Comparison is a big part of the creative journey. We all have to cope with it in some way.

This week is about the role that scarcity plays in fueling comparison.

Comparison can create a scarcity mentality, but it can also be a source of inspiration for growth. Let’s clarify the difference.

the cage of comparison

On Friday in the Inner Story Writing Circle, we had a conversation about cultivating a writing life you love that isn’t dominated by shoulds.

(Pro tip: If your writing life is dominated by shoulds, you won’t love it. I promise you.)

Too often, our natural impulses and callings are detoured by what we think we should be doing. The shoulds get loud when we look around and start having certain expectations of ourselves based on what we see.

Sometimes we are detoured by thinking that our creative journey needs to look a certain way or have a certain result or outcome to be worthwhile.

When we are not sure what we want to get out of our creative work, the shoulds cast a shadow over the joy of exploration.

The shoulds have landed me in the cage of comparison many times.

I should have a bigger vocabulary.

I should be writing faster.

I should be taking more classes.

I should be writing on every platform.

I should be trying to get more bylines.

I should…

But wait… Why and based on what? What’s the deeper why that is driving this self-doubt?

As someone who started writing with no intention other than to reconnect with myself, I had no idea where writing would take me. I discovered a passion for writing as a tool for self-discovery, and then I discovered a passion for helping others use writing to heal, grow, and improve the quality of their lives.

I didn’t have a roadmap, so I had to figure out what I wanted to get out of it (my deeper why) and find a lane for myself one step at a time. Along the way, I got distracted and disillusioned many times because of the shoulds and comparing myself to what other people were doing. People who had more experience. People who were more popular. People who I perceived through the lens of scarcity, believing that they had something that I didn’t.

Can you relate to this?

Maybe you get an idea or you are following a certain path and feeling good about it, and then you see someone doing it differently and being successful, and before you know it, doubt kicks in and you think: Maybe I am doing it wrong and I need to be more like them?

If so, you are not alone!

The secret to breaking out of the cage of comparison is to trust your callings. Get clear on your values, use them as a compass, and align your choices and actions accordingly. Regardless of what other people are doing or how much you compare or contrast with what you see.

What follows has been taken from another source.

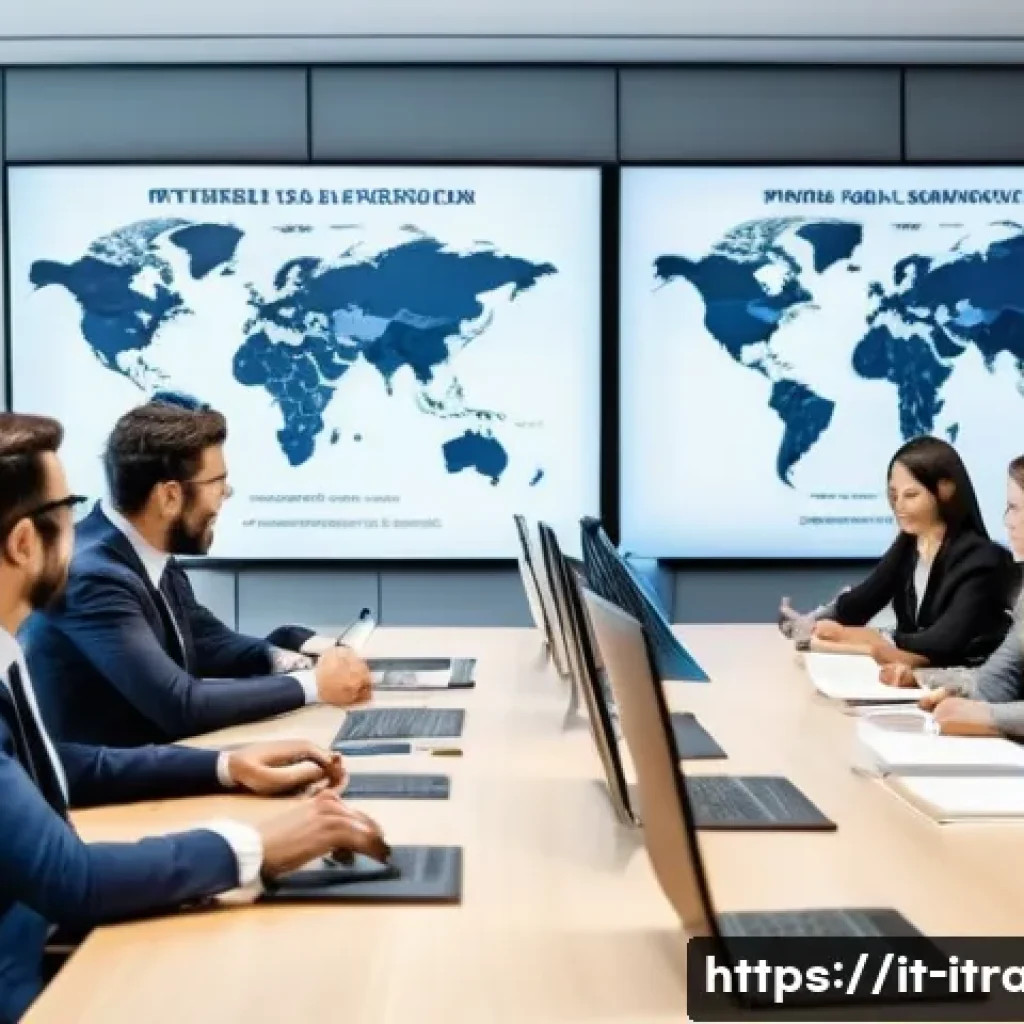 무역전문가경력개발 - **Prompt:** "A diverse group of international trade professionals, impeccably dressed in modern busi...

Easier said than done at first, but it does become more comfortable with practice. If you don’t know your values, get curious and experiment with following your gut instincts to discover and observe what moves you, what lights you up, what motivates you to take action.

With this perspective, the only shoulds that affect you involve aligning with your authentic callings and being open to where that trust takes you.

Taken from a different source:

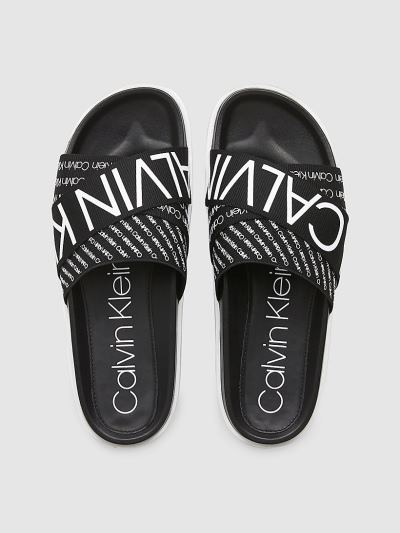 Calvin Klein Cipők HU200998 | Calvin Klein Textile Upper Női Papucs Fekete / Fehér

Make your creative life a journey of self-exploration, not a search for external validation.

Perceiving your journey through the eyes of comparison will eventually take the heart and soul out of your efforts and leave you in a cage of your own making.

comparison and scarcity

Depending on your mindset, comparison can be helpful.

It’s all about the energy behind it.

It can lead to inspiration and a-ha moments that expand our ideas of what’s possible.

But when we’re not centered in our values, what matters to us, and who we authentically are, comparison turns into envy and feelings of scarcity that sabotage our creativity.

Comparison makes us second-guess our instincts and forget our intrinsic motivations. Before we know it, we are changing direction when we ought to be staying the course.

Comparison taps you on the shoulder:

Maybe you should be more like them.

Someone else has already done it, so there is nothing left for you.

Your work is not as relevant as theirs.

You’re too slow, too late, and you’ll never catch up.

You can’t be happy until you’ve achieved what they have.

The energy behind this kind of comparison is lack, a scarcity mentality.

If want to change your relationship with comparison, you have to change your relationship with scarcity.